[squeak-dev] Smalltalk development tools in Scratch

tim Rowledge tim at rowledge.org
Fri Jun 21 17:37:57 UTC 2013


There seems to be some confusion here. I'll start from some basic points just to (try to) be clear. Chris Cunnington's advice is a good place to start btw.

Scratch is written in Squeak Smalltalk, starting from a 2.8 image and removing quite a lot of code to reduce the image size. The Scratch system is implemented via a sort-of simulation of a computing engine, almost like a vm within the Squeak system.

Quite a lot of that code is a bit… untidy. I'm currently working to improve that for the Raspberry Pi Foundation and the latest release for the Pi (the image will run perfectly well on any other platform so far as I can tell) is around twice as fast for some important large Scratch projects. We also have a faster bitblt in testing right now, with a lot of ARM support but a fair bit that is generic and might benefit other cpu powered machines.

The delivered Scratch image is moderately locked down. As mentioned by Hannes, you can get to the Squeak side of the world with a simple shift-click but since there is no conncetion to the sources or changes files you won't have a terribly pleasnat time trying to make sense of the world. To see actual sources - with some comments even! - I suggest downloading the GPL release of the entire system that includes an image with the sources and changes still active, plus a load of media files to play with etc. 

(Except that I can't find the download place anymore, since they seem to have replaced the entire website to support this newfangled Scratch 2.0 written in Flash (Flash!

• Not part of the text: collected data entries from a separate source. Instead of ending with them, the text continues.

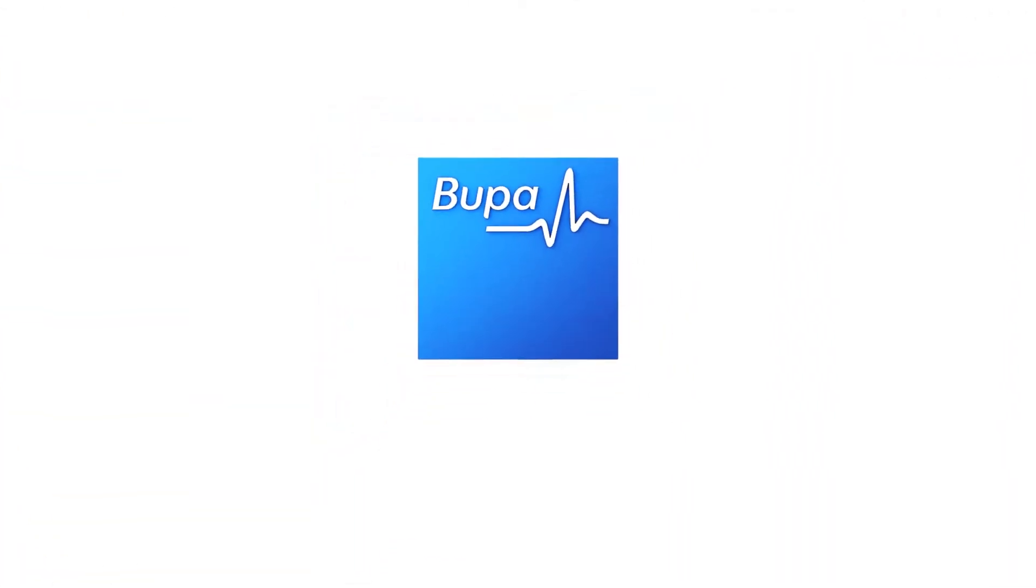For more health and wellbeing tips, visit our OSHC Student Hub website, bupa.com.au slash students.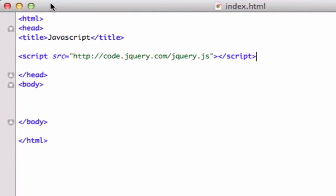Alrighty guys, welcome back. Okay, so now that we successfully installed jQuery, let's go ahead and create a function. Let's go ahead and see how this is used.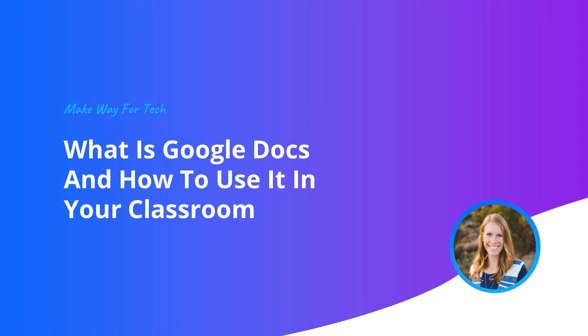In this video, we'll talk about what Google Docs is, the benefits of using it in your classroom, and some of the ways you can start using it right now.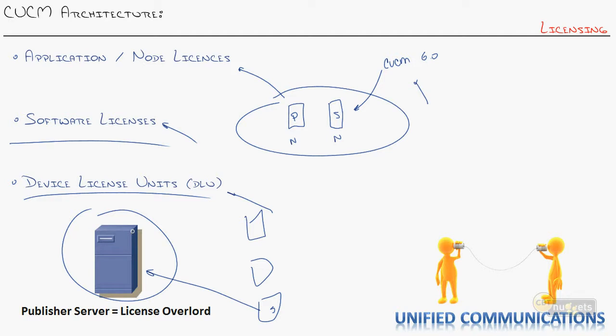So the sales rep puts your order through. You'll get an email from Cisco and they'll say, log in to Cisco forward slash go forward slash license. Here's your special key. And you download this XML file that has a little hash in there that binds itself to your publisher. And that increases your device license units.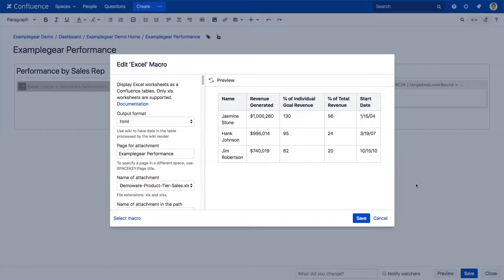First, we've added two new fields that will make it much easier to find and select Excel files that are saved as attachments. Under Page for Attachment, you'll notice the page you're currently editing is automatically populated. You can keep that page or input a different page name.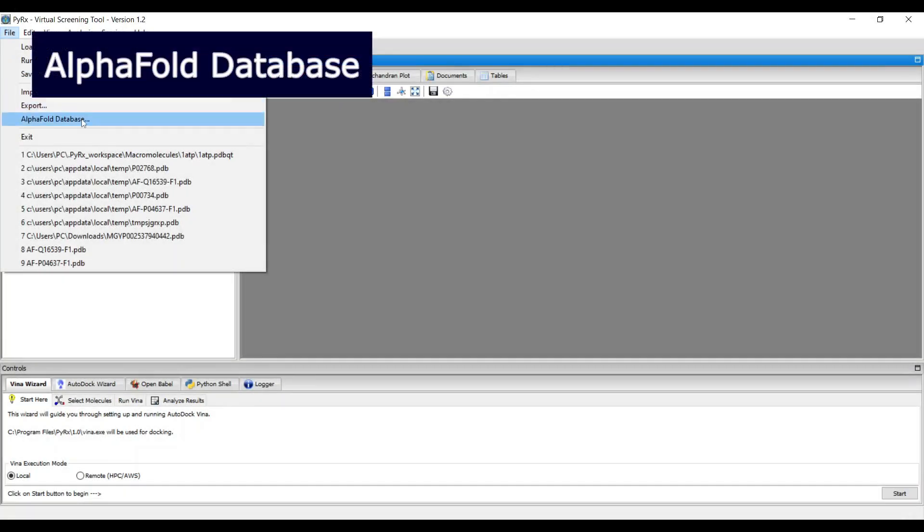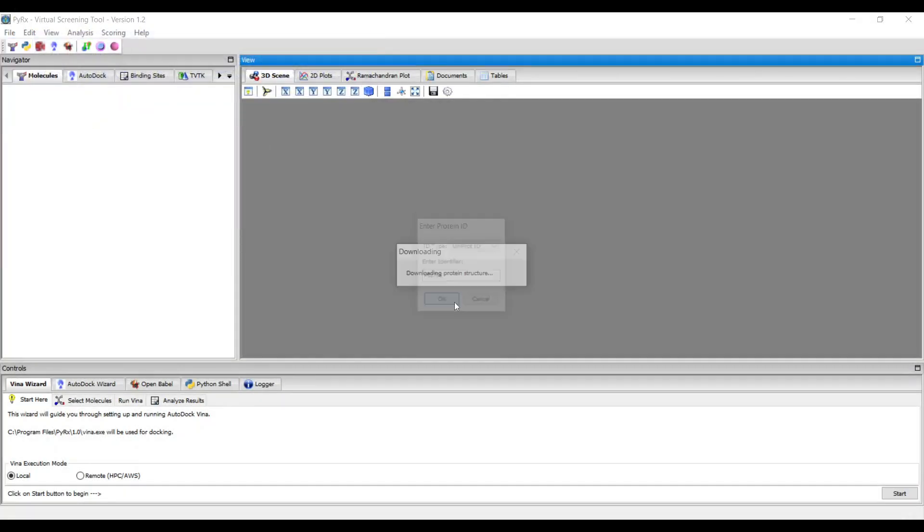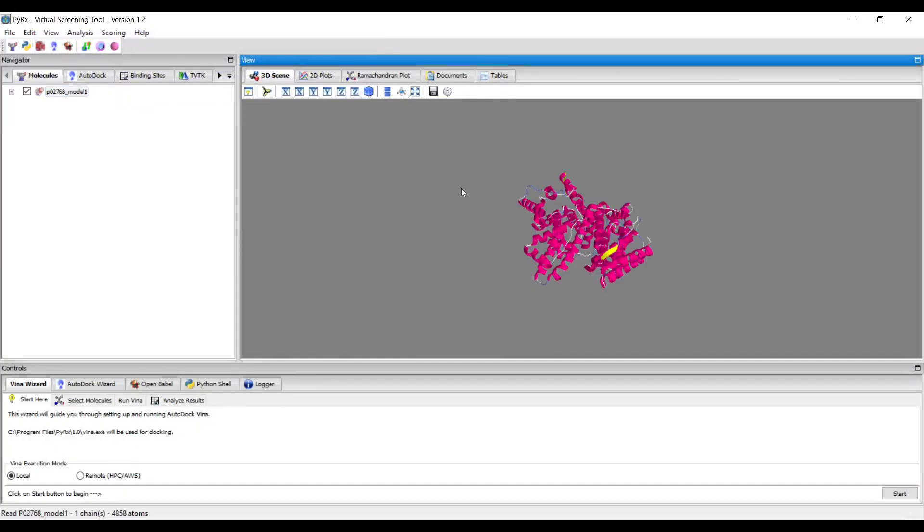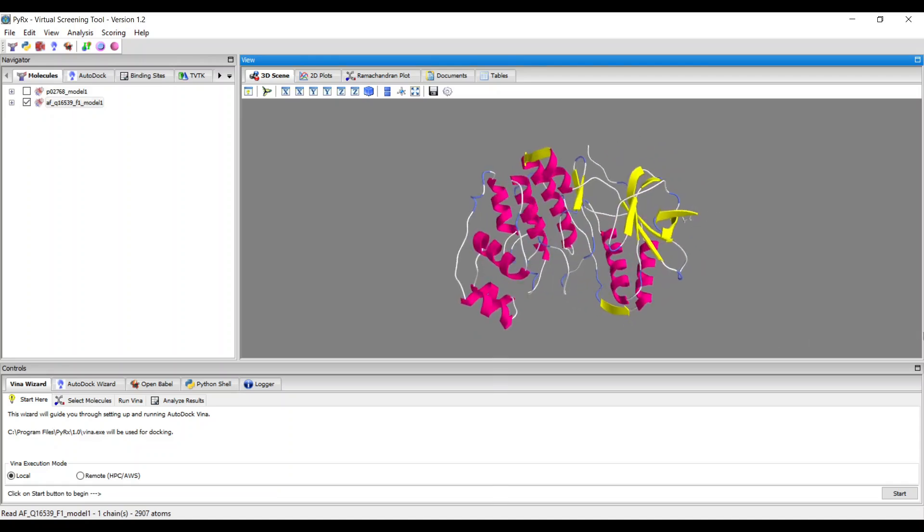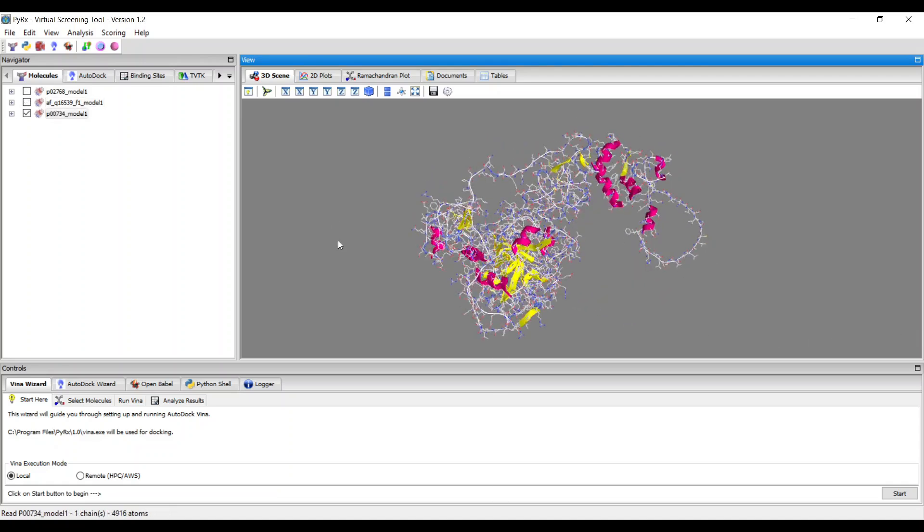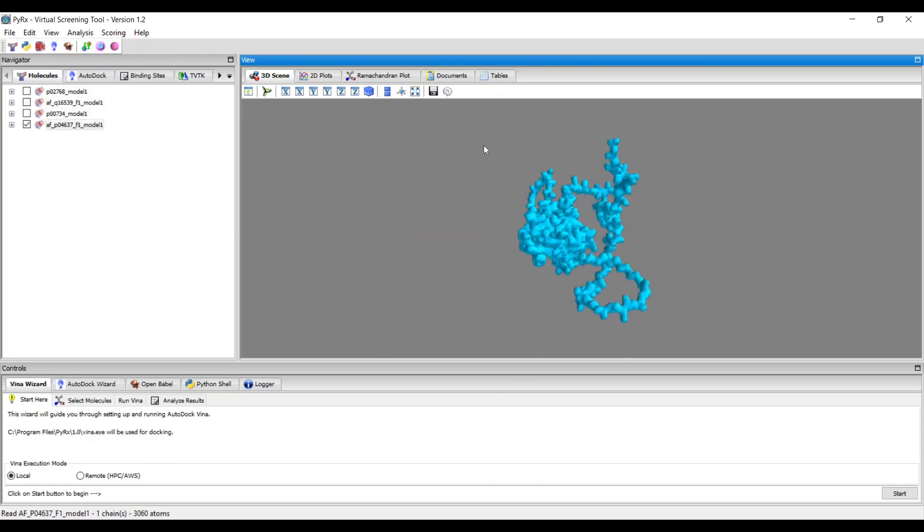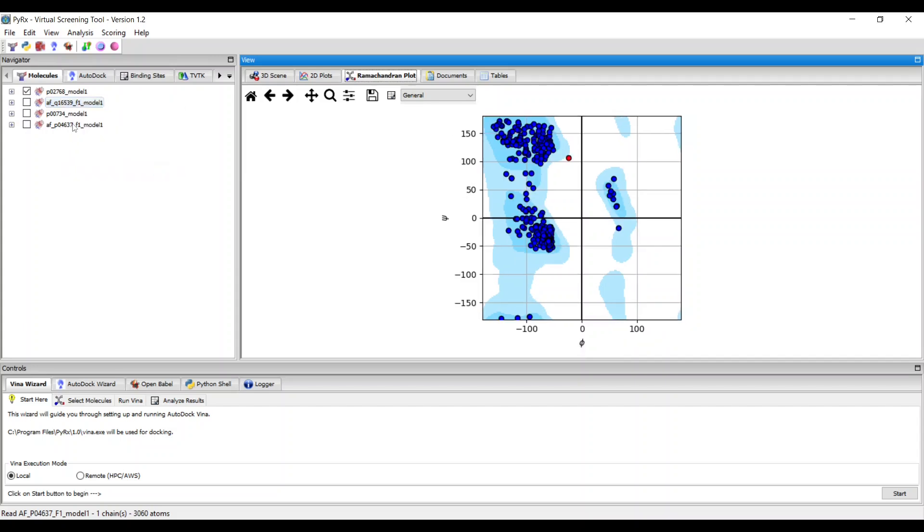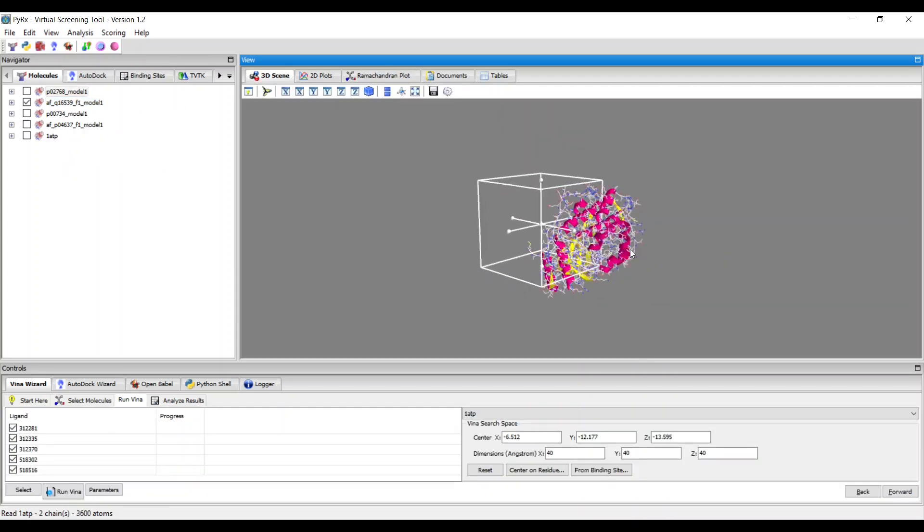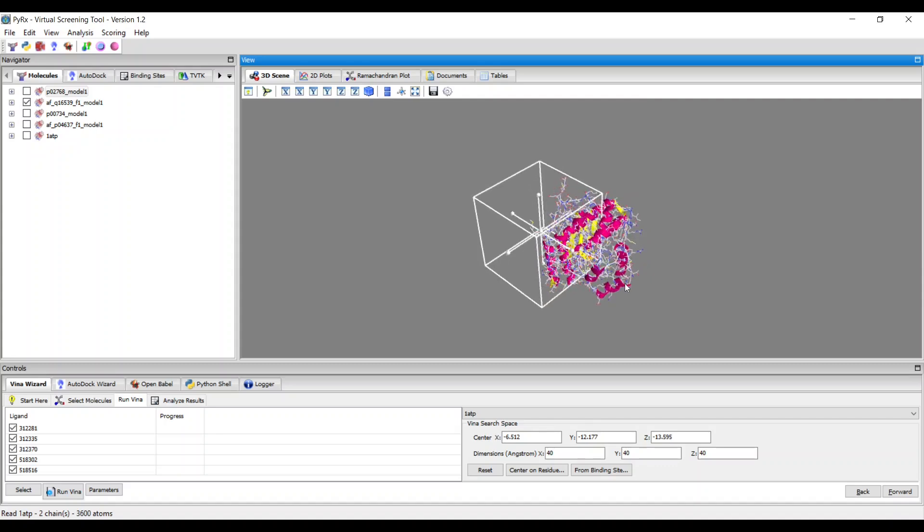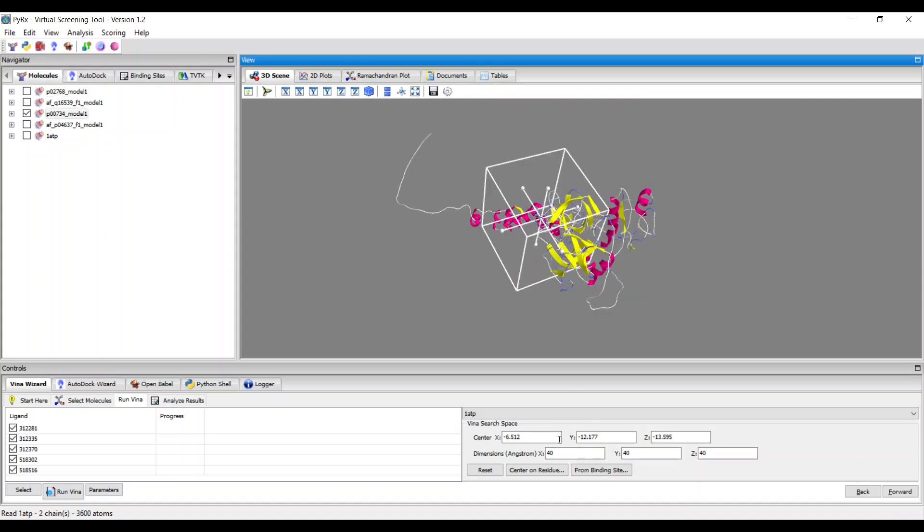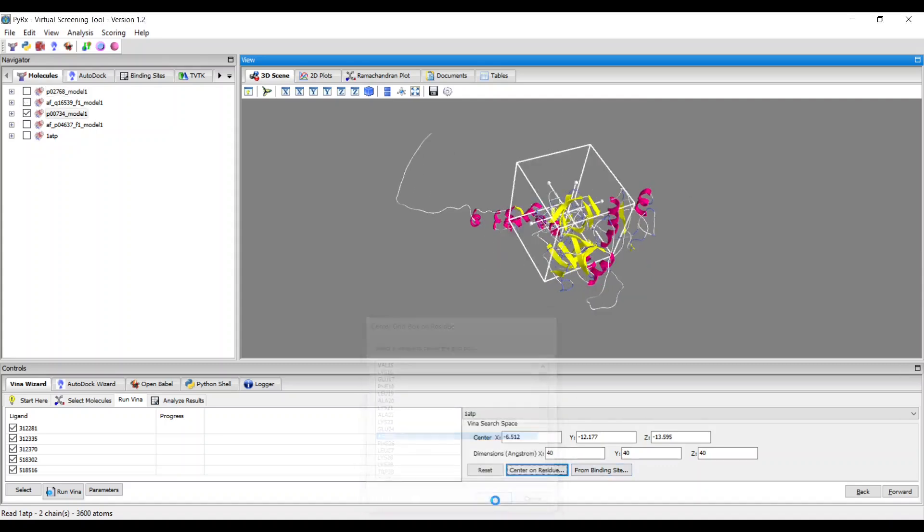You can now easily download structures directly from the AlphaFold database and import them in Pyrex. You can seamlessly use the AI-generated macromolecule structures for molecular docking within Pyrex, which expands the possibilities of molecular docking with AutoDoc.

Of all things…). Does anyone knw where the GPL release has gone to? I see the http://scratch.mit.edu/scratch_1.4/ page but that only appears to have 'end user' packages.)

Anyway, Azka, you will need to become conversant with all the normal coding tools in Squeak in order to make sense of any of it. The first confusion you seem to have picked up is that editing the sources file is a good idea; it's not. You never, ever, edit that file with any sort of text editor. Smalltalk is not some quaint textfile based compiler system. The only way to change the code is to use the tools in the image; the code browsers etc.



tim
--
tim Rowledge; tim at rowledge.org; http://www.rowledge.org/tim
Change is inevitable....except from vending machines.